Pedagang online yang berjualan di lebih dari satu e-Commerce tidak bisa menghitung omzet per platform secara terpisah. Direktorat Jenderal Pajak menegaskan bahwa seluruh penjualan dari berbagai marketplace akan digabung untuk menentukan apakah seorang penjual masih berada di bawah batas Rp500 juta atau sudah masuk kewajiban pajak.
Dengan skema itu, seorang seller yang terlihat kecil di satu platform bisa tetap dianggap memiliki omzet besar jika penjualannya di marketplace lain ikut dijumlahkan. Karena itu, identitas usaha yang sama menjadi kunci agar data transaksi dapat dibaca sebagai satu kesatuan oleh DJP.
Omzet dari berbagai platform dijumlahkan
Direktur Penyuluhan, Pelayanan, dan Hubungan Masyarakat DJP Inge Diana Rismawanti menjelaskan bahwa data transaksi dari platform yang ditunjuk akan terhubung ke DJP selama identitas penjual sama di tiap tempat berjualan. Identitas itu dapat berupa Nomor Induk Berusaha atau identitas perpajakan lain yang dipakai secara konsisten di seluruh platform.
Dalam simulasi DJP, seorang penjual dapat mencatat omzet Rp100 juta di platform A, Rp300 juta di platform B, dan Rp300 juta di platform C. Jika dijumlahkan, total omzet yang terlihat menjadi Rp700 juta, sehingga penentuan kewajiban pajaknya tidak lagi bergantung pada satu marketplace saja.
Batas Rp500 juta tetap jadi patokan utama
Pedagang orang pribadi yang omzetnya masih di bawah Rp500 juta per tahun dapat menyampaikan surat pernyataan kepada platform.
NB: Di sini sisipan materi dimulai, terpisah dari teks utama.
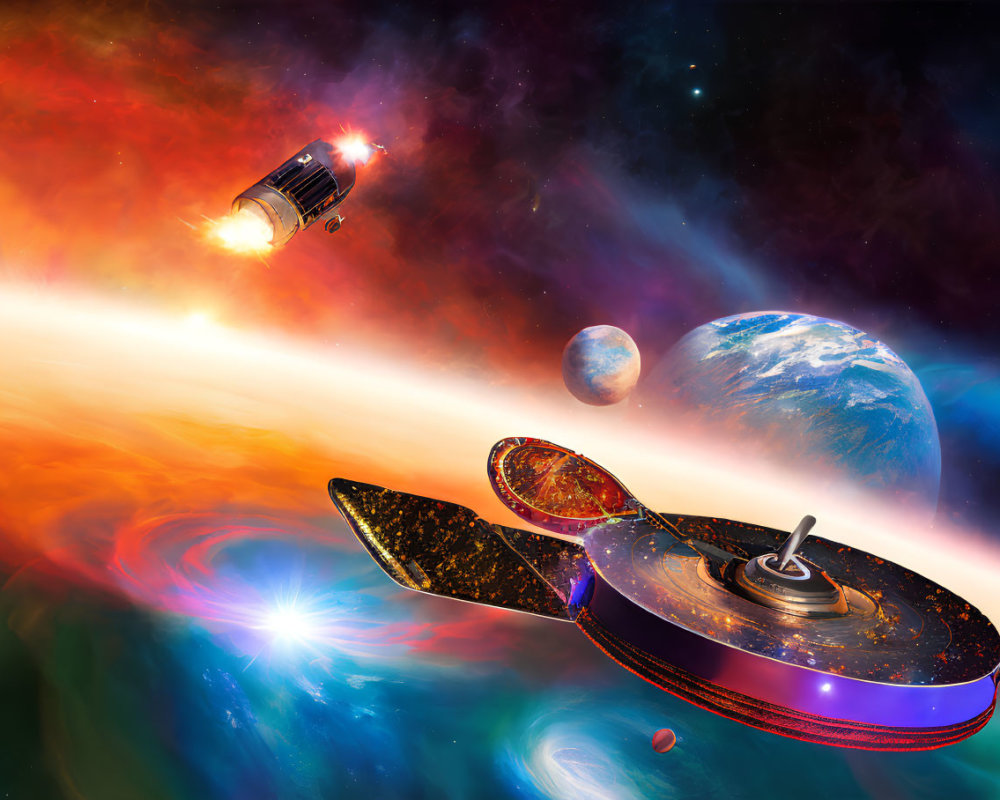 Colorful Space Scene: Shuttle, Nebula, Vinyl Record, Celestial Bodies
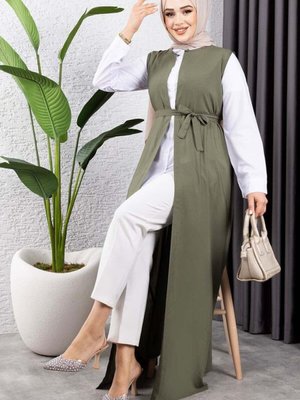 Haki Kuşaklı Yelek Haki Kuşaklı Yelek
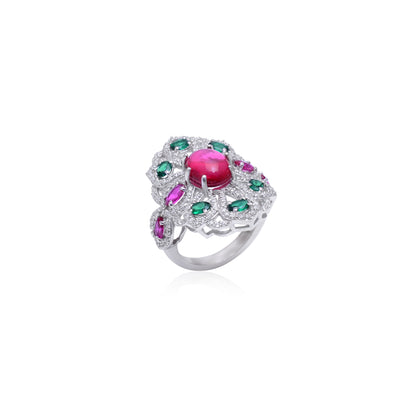 Multicolor Gemstone Cocktail Ring | 925 Sterling Silver Statement Ring | Bold & Elegant Party Jewelry | Unique Gift for Her | Limited Edition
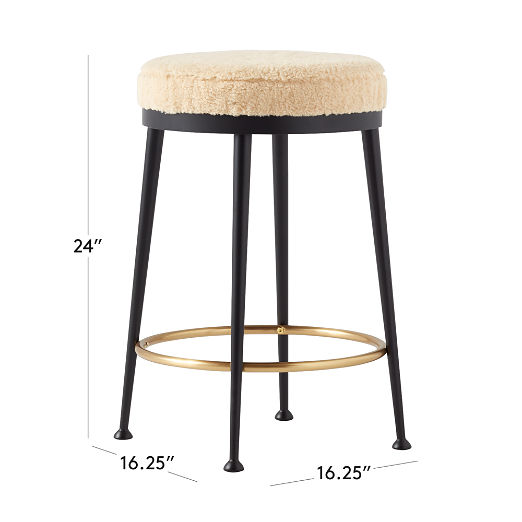 Atlas Shearling White Counter Stool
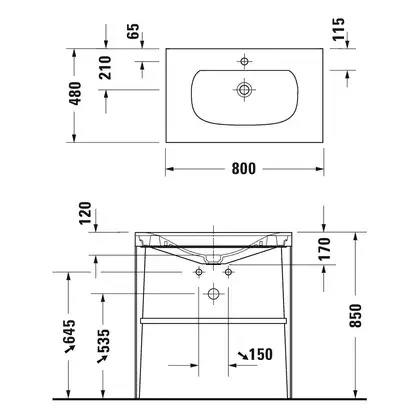 Металлическая консоль с раковиной c-bonded Duravit XViu 80 х 48 х h85 см, чёрный матовый/чёрный глянецевый (XV4715OB240) фото 7 Aquada.com.ua Металлическая консоль с раковиной c-bonded Duravit XViu 80 х 48 х h85 см, чёрный матовый/чёрный глянецевый (XV4715OB240) фото 7 Aquada.com.ua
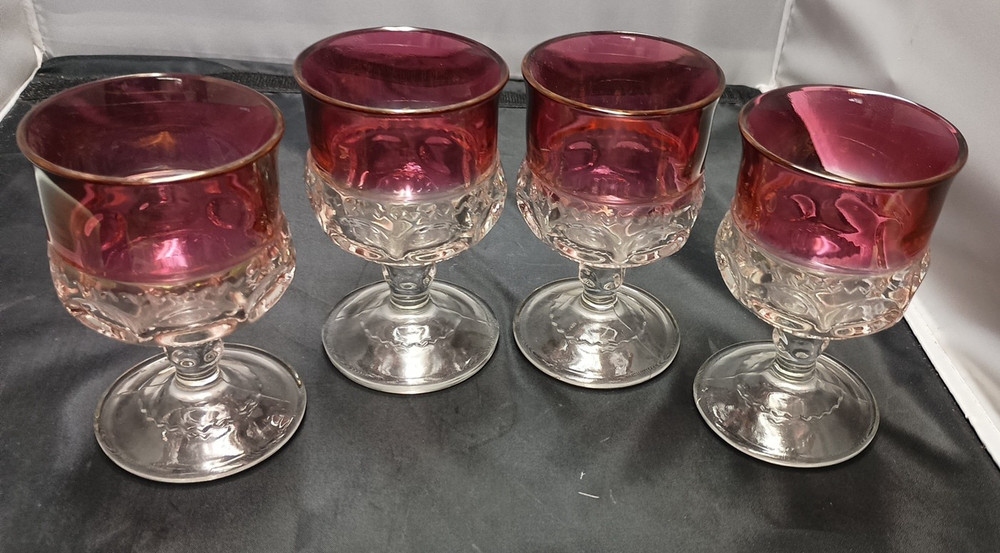 Set 4 INDIANA GLASS Kings Crown Red Flashed Juice Goblets 3oz 4 1/4″h x 2 1/2″d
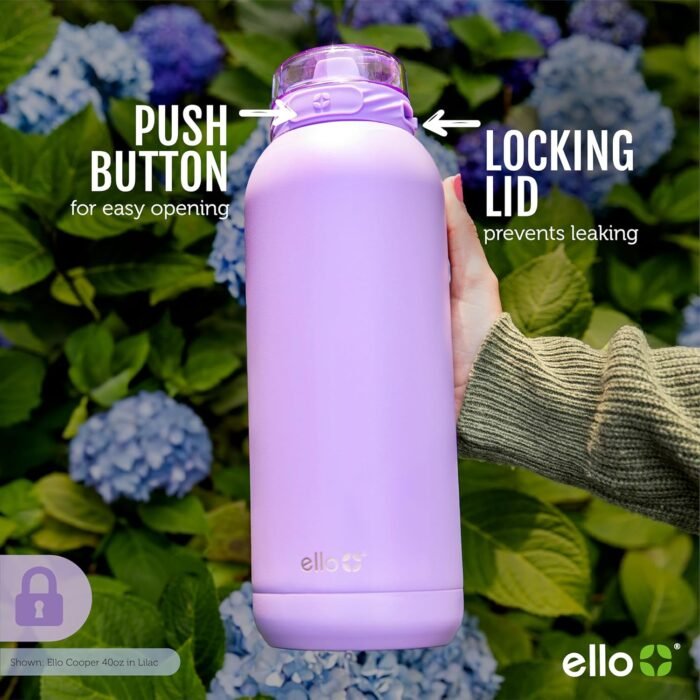 Ello Cooper 22oz Stainless Steel Water Bottle with Straw and Carry Handle, Double Walled and Vacuum Insulated Metal, Leak Proof Locking Lid with Soft Silicone Spout, Reusable, BPA Free, Black - Image 8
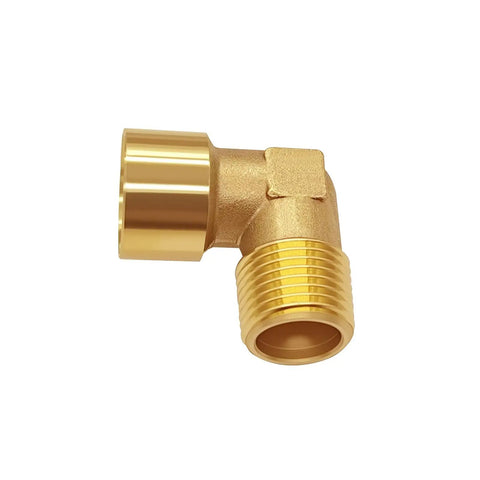 Top Shelf 2 Piece Brass Street Elbow Pipe Fitting 90 Degree 1/4 Inch Npt Male Female Connection Heavy Duty Forged Plumbing Hardware close-up view.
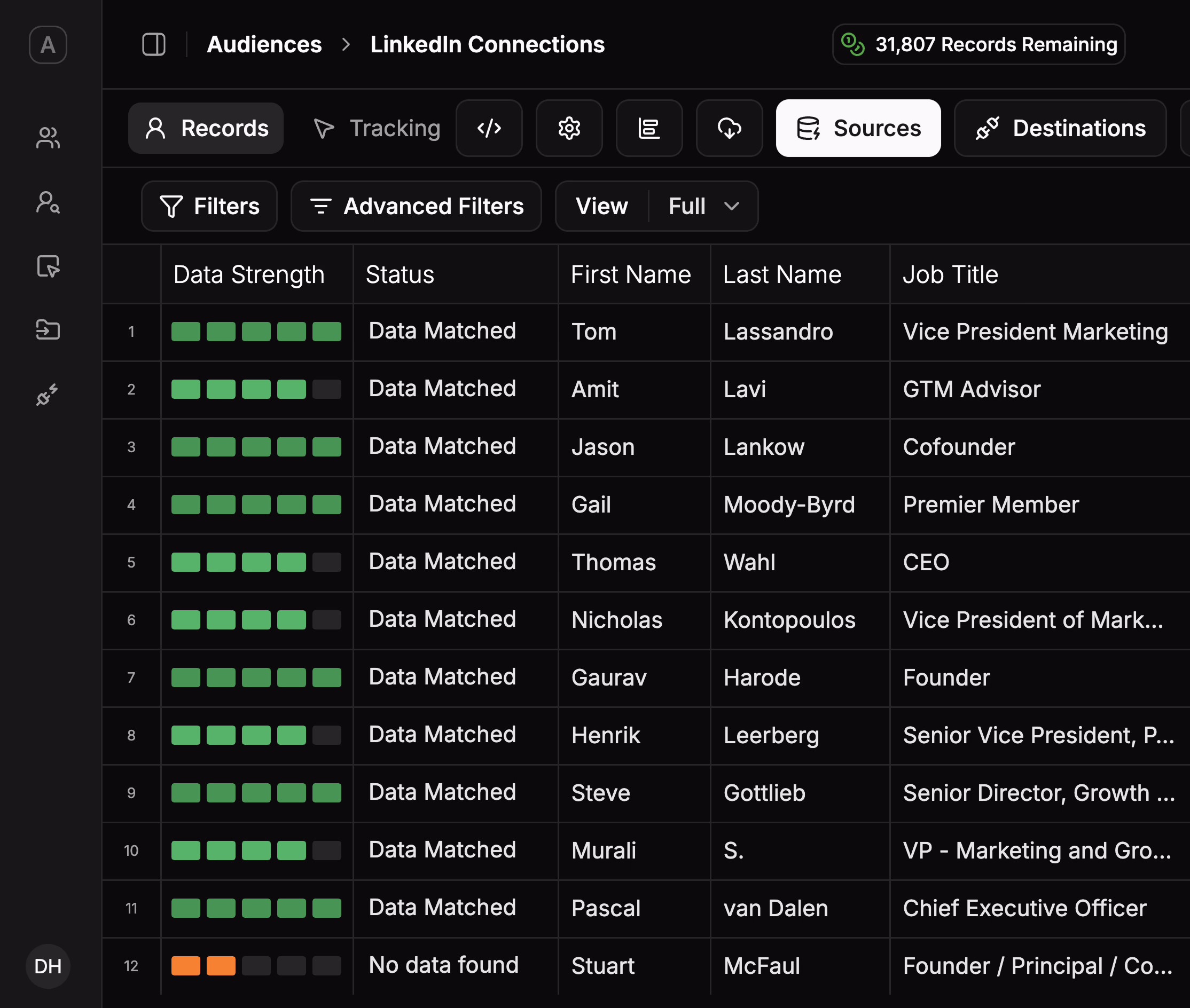 ContactLevel audience builder interface showing contact list upload, data enrichment, and audience creation workflow for precise contact-level targeting across advertising platforms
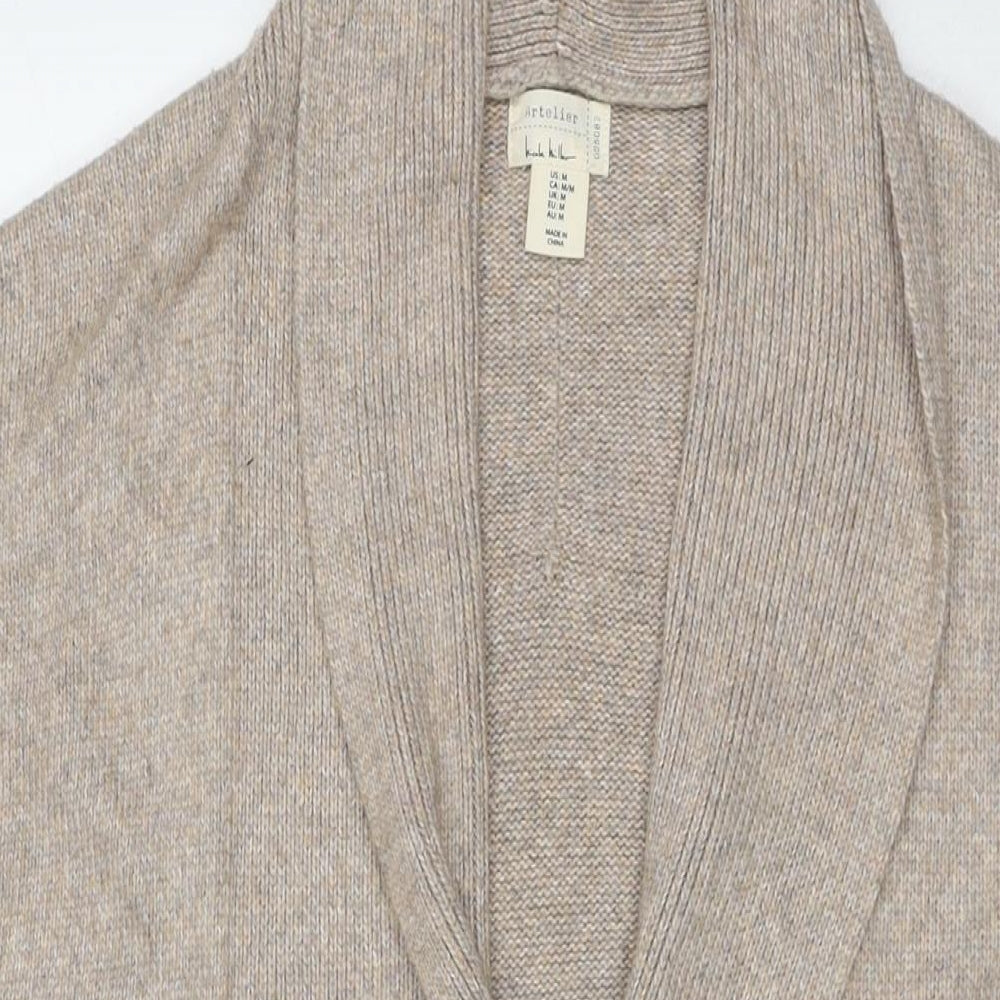 Nicole Hamilton Womens Beige V-Neck Viscose Cardigan Jumper Size M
Selama surat itu berlaku dan omzet belum melewati ambang batas, pemotongan pajak tidak dilakukan.
Namun, ketika akumulasi omzet dari seluruh platform melampaui Rp500 juta, kewajiban pajak tetap muncul. Dalam kondisi tersebut, wajib pajak perlu melapor dan memenuhi kewajiban perpajakannya melalui SPT Tahunan.
Tarif 0,5 persen untuk omzet di atas ambang
PMK Nomor 37 Tahun 2025 mengatur penunjukan pihak lain sebagai pemungut Pajak Penghasilan, sekaligus tata cara pemungutan, penyetoran, dan pelaporan PPh atas penghasilan pedagang dalam negeri melalui sistem perdagangan elektronik. Aturan ini juga menegaskan penunjukan penyelenggara PMSE atau lokapasar sebagai pemungut pajak atas penghasilan pedagang dalam negeri.
Untuk pedagang orang pribadi, omzet sampai Rp500 juta per tahun tidak dikenai PPh atas bagian omzet tersebut. Sementara omzet yang melebihi batas itu dikenakan PPh Final sebesar 0,5 persen sesuai ketentuan perpajakan yang berlaku bagi pelaku usaha dengan peredaran bruto tertentu.
Platform digital masih menyesuaikan sistem
DJP saat ini tengah membahas mekanisme teknis dengan berbagai platform digital agar penunjukan lokapasar sebagai pemungut pajak dapat berjalan sesuai aturan. Platform yang ditunjuk harus menyesuaikan sistem untuk menerbitkan bukti potong, menyetorkan pajak yang dipungut, dan melaporkannya ke DJP.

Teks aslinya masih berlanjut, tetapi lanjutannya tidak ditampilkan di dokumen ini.